Felizmente, muitas empresas estão cada vez mais reconhecendo a conexão direta entre satisfação do funcionário e satisfação do cliente. Para alcançar isso, elas devem investir na força de trabalho, garantindo uma remuneração justa, promovendo um ambiente de apoio e oferecendo um treinamento robusto. Funcionários empoderados e motivados estão mais bem equipados para fornecer um serviço gentil e eficaz, mesmo em condições desafiadoras. O bem-estar do funcionário é não apenas uma obrigação moral mas também uma prioridade estratégica para oferecer uma experiência excepcional ao cliente.
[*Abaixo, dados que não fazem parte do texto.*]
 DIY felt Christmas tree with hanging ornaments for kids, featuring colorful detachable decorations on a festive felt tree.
Em um mundo cada vez mais polarizado, até que ponto as marcas devem defender posições ou tomar partido?
No Brasil, algumas empresas tiveram suas marcas boicotadas quando declararam seu voto nas eleições presidenciais de 2022.
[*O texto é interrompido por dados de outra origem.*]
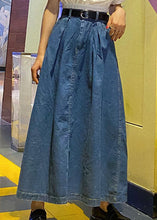 Load image into Gallery viewer, Fitted Blue High Waist Pockets Patchwork A Line Fall Denim Skirts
Vamos distinguir entre causas sociais que têm alta concordância, como "diminuir a poluição" ou "economizar água", e causas mais controversas, como "controle de armas" ou "aborto". Uma empresa inteligente evitaria defender causas controversas. Em um mundo cada vez mais polarizado, as marcas devem agir com cautela ao se envolver com questões sociais ou políticas. Tomar uma posição pode fortalecer a identidade da marca e ressoar profundamente com públicos específicos, mas também corre o risco de alienar outros segmentos.
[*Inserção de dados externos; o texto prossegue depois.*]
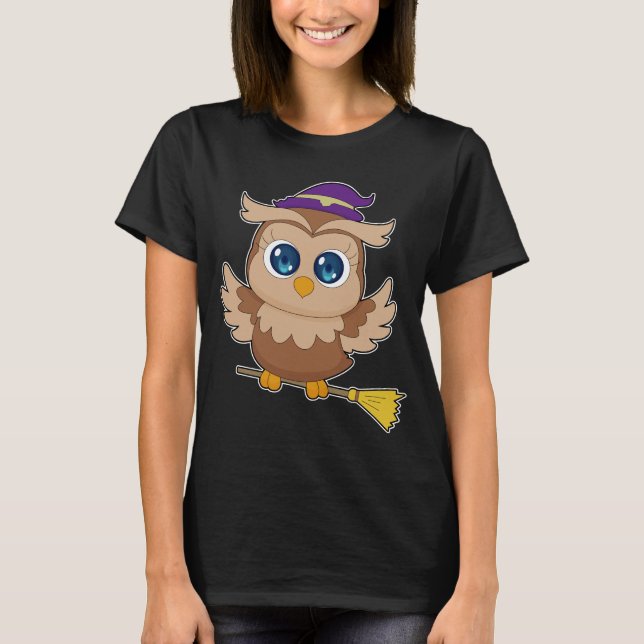 Camiseta Coruja Feiticeira do Dia das Bruxas (Frente)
As empresas devem garantir que suas posições estejam alinhadas com seus valores centrais e seu público-alvo, manter autenticidade e consistência e estar preparadas para lidar com possíveis reações negativas ou boicotes. Também é importante notar que, embora as marcas possam apoiar causas que tenham implicações políticas, elas não precisam necessariamente adotar posturas partidárias. As marcas, como entidades, não votam, e manter a neutralidade nesse aspecto pode ajudar a evitar divisões desnecessárias. Embora acionistas, CEOs e lideranças sejam capazes de influenciar a percepção pública de uma marca, ainda é possível estabelecer um nível de separação entre posições pessoais e neutralidade corporativa.
RAIO-X
Philip Kotler
Nasceu em 1931 em Chicago (EUA). Tem doutorado em economia pelo MIT (Instituto de Tecnologia de Massachusetts), pós-doutorado em matemática pela Universidade Harvard e pós-doutorado em ciências comportamentais pela Universidade de Chicago. Em 1962, começou sua carreira como professor universitário na Kellogg School of Management e, em 1967, publicou o livro "Administração de Marketing: Análise, Planejamento e Controle". Por meio das suas obras, analisou a evolução do marketing ao longo do tempo, dividindo o assunto em fases: primeiro centrado no produto (Marketing 1.0), depois no consumidor (Marketing 2.0), nas causas (Marketing 3.0), no digital (Marketing 4.0) e no ser humano (Marketing 5.0).